■ **Assignment**
Pull each line with the string "woman" from the entries.

■ **Dataset records**
────────────────────────────────────────

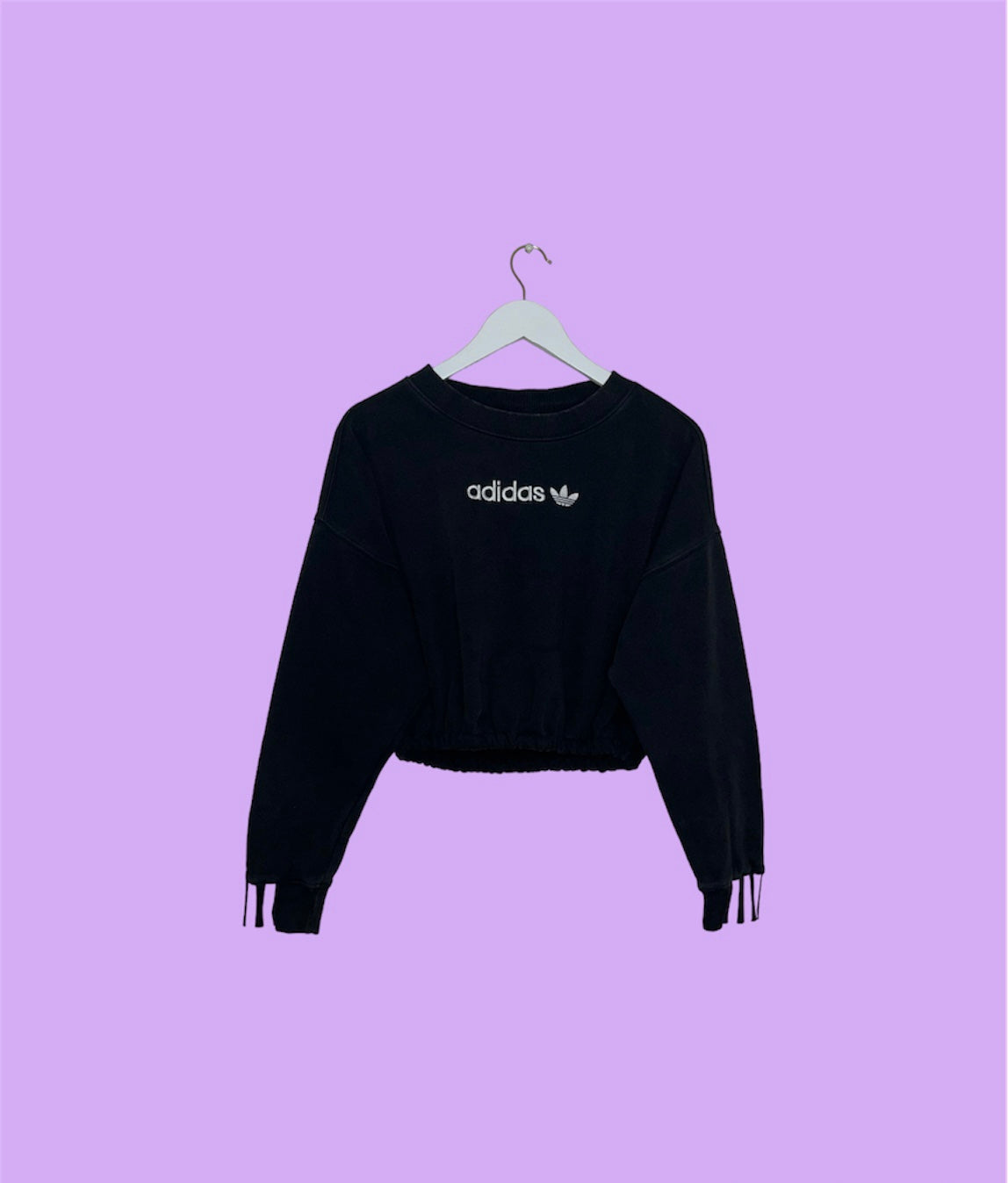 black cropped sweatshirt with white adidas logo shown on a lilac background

────────────────────────────────────────

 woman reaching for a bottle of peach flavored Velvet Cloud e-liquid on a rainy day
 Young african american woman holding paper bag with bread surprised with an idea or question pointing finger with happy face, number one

────────────────────────────────────────

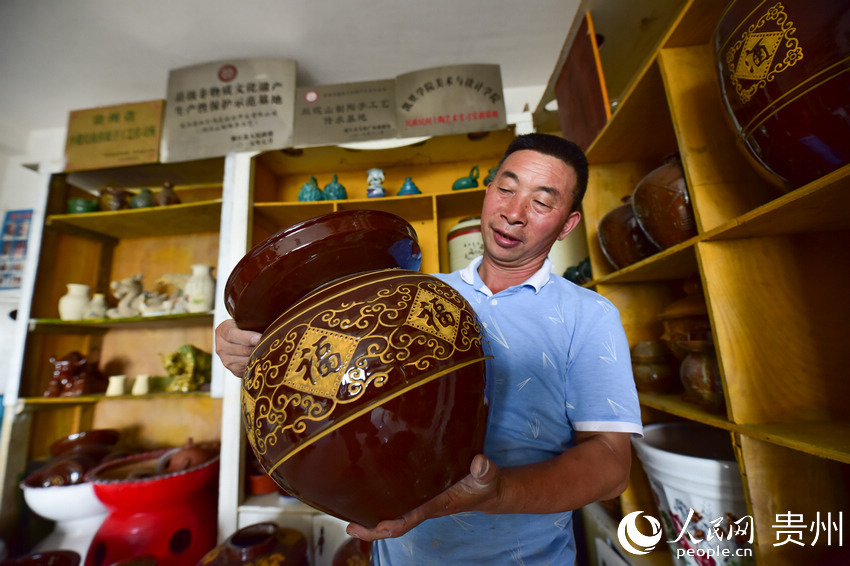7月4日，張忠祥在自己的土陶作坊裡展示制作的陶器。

────────────────────────────────────────

■ **Answer area**
 woman reaching for a bottle of peach flavored Velvet Cloud e-liquid on a rainy day
 Young african american woman holding paper bag with bread surprised with an idea or question pointing finger with happy face, number one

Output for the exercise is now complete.